# Lonnie Mabry - Building Calls?



## gregg (Jan 16, 2015)

I've called Lonnie a few times this month and there has been no answer, just wondering if anyone else has talked to him. Is he building calls this year, I want to stop by if he is.


----------



## rem 300 (Jan 16, 2015)

I had a good long chat with him at the ga state show he is still making calls I have to plan a trip myself to grab a few.


----------



## gregg (Jan 16, 2015)

Oh good, guess I have been missing him at home.


----------



## gregg (Jan 18, 2015)

Just an FYI....I stopped by and visited with Lonnie yesterday, he has plenty of calls of all kinds to try out.
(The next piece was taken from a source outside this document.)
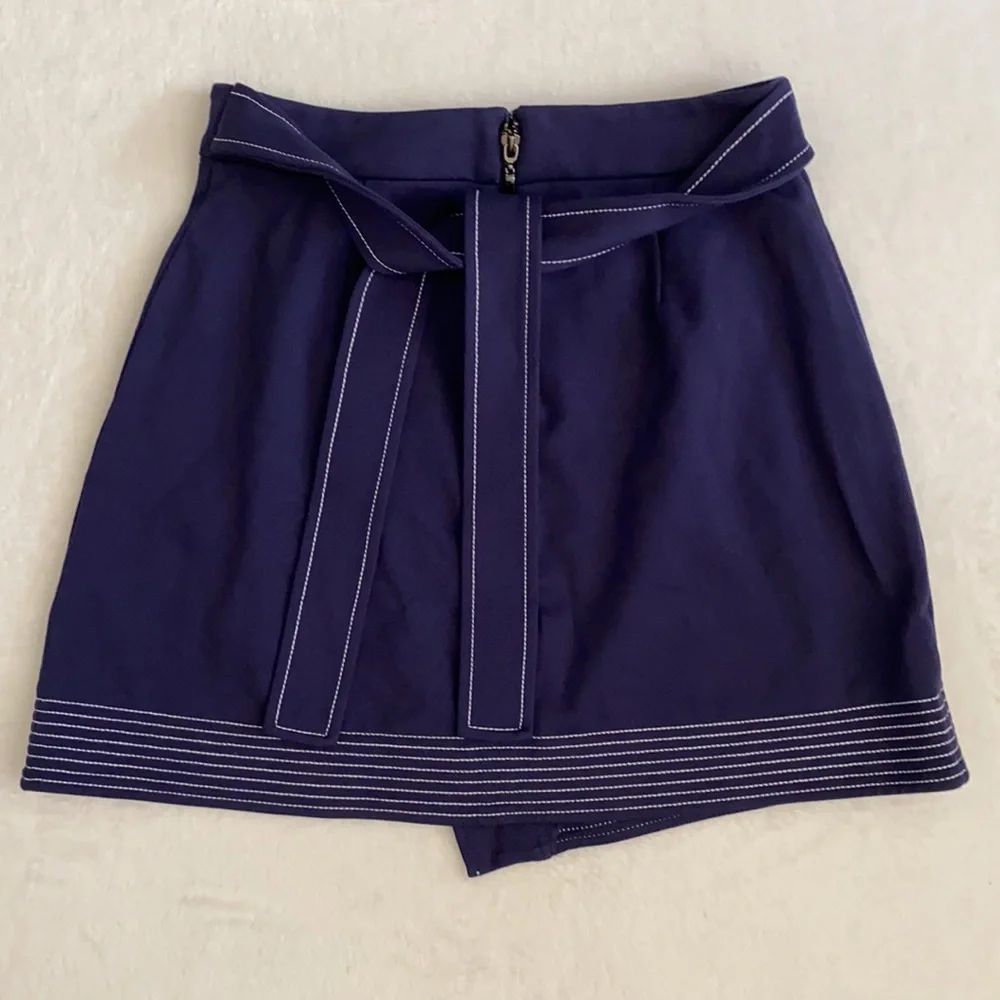 Guess Los Angeles | Faux Wrap Tie Belt Asymmetrical Mini Skirt Blue (S 4-6) - Picture 12 of 15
I picked up 3 pots.....2 slate walnut with wood soundboards, 1 slate hackberry with wood soundboard and an assortment of strikers(he has 100's of strikers to try). I played these pots vs some Halloran pots I have and for me these are so much better, just more realistic, but I don't like the popular high-pitched screeching pots so take it fwiw.


----------



## rem 300 (Jan 18, 2015)

gregg said:


> Just an FYI....I stopped by and visited with Lonnie yesterday, he has plenty of calls of all kinds to try out. I picked up 3 pots.....2 slate walnut with wood soundboards, 1 slate hackberry with wood soundboard and an assortment of strikers(he has 100's of strikers to try). I played these pots vs some Halloran pots I have and for me these are so much better, just more realistic, but I don't like the popular high-pitched screeching pots so take it fwiw.
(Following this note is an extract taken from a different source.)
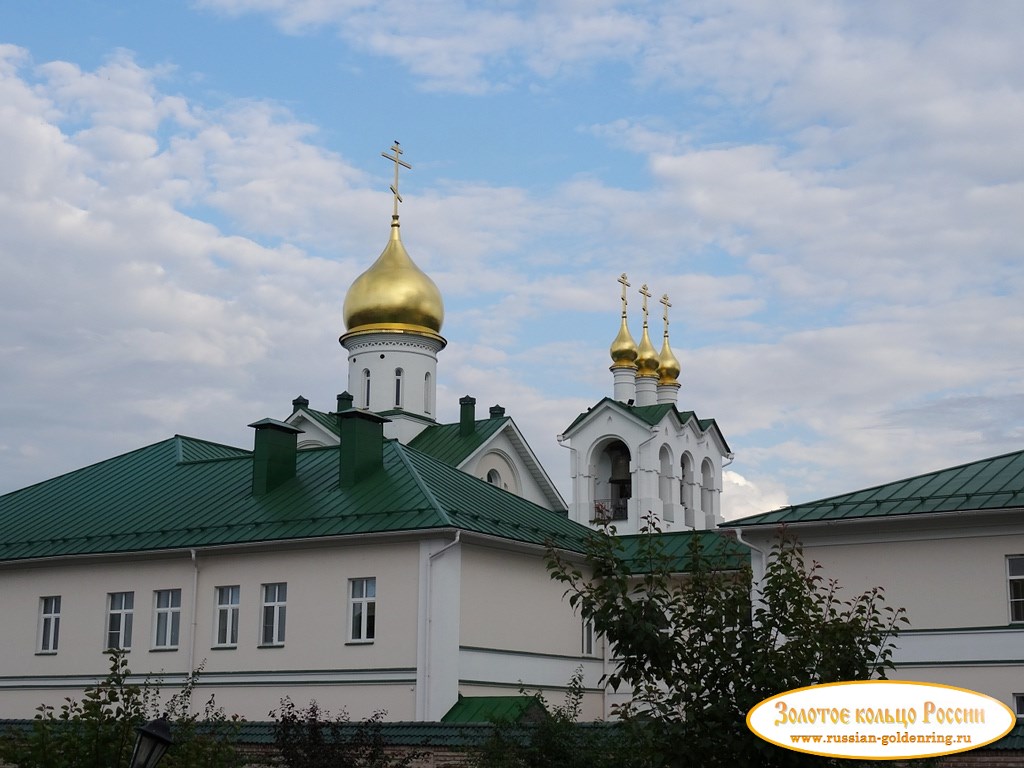 Старо-Голутвин монастырь. Церковь Трёх Святителей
Hard to beat his pot calls sound and PRICE. The fellowship is worth the trip if nothing else but I promise you will not leave without a call or few lol


----------



## gregg (Jan 18, 2015)

> Hard to beat his pot calls sound and PRICE. The fellowship is worth the trip if nothing else but I promise if you not leave without a call of few lol


No kidding.....I've been to visit Lonnie many times, I just set aside 4 hours to play calls, talk turkey(mostly listen...lol) and take home a few new calls each time. I don't think there is a better value on box and pot calls. I was messing with mine today in the woods and dang, they are sweeeet sounding, all turkey. Lonnie was showing me how he builds these calls, the care that goes into them is beyond what most of us can even imagine. He is a good guy, if anyone gets a chance to stop by his shop, just chill, enjoy the stories, and expect to leave with some nice calls.


----------



## cbig1981 (Jan 18, 2015)

Good to hear, talking turkey with Mr Lonnie is hard to beat


----------



## Gaswamp (Jan 19, 2015)

anyone have a pic of his pots?


----------



## gregg (Jan 19, 2015)

http://i962.photobucket.com/albums/ae102/scoot122/DSCN1311_zps5711668c.jpg

Just follow this link, Not my calls, but a pic of Lonnie's calls.


----------



## WFL (Jan 19, 2015)

He doing them.  I talk with him last week.  He need a choke I end up with a VERY nice box call.  Very nice man to deal with.


----------



## jr123 (Jan 20, 2015)

Could someone PM me his number please?


----------



## Covehnter (Jan 20, 2015)

You have to visit to buy a call. He will not ship a call. He wants you to play it first. 

Just FYI.


----------



## sman (Jan 21, 2015)

Stopped by today. 3 hours after I said I needed to go, I came home with 5 new calls.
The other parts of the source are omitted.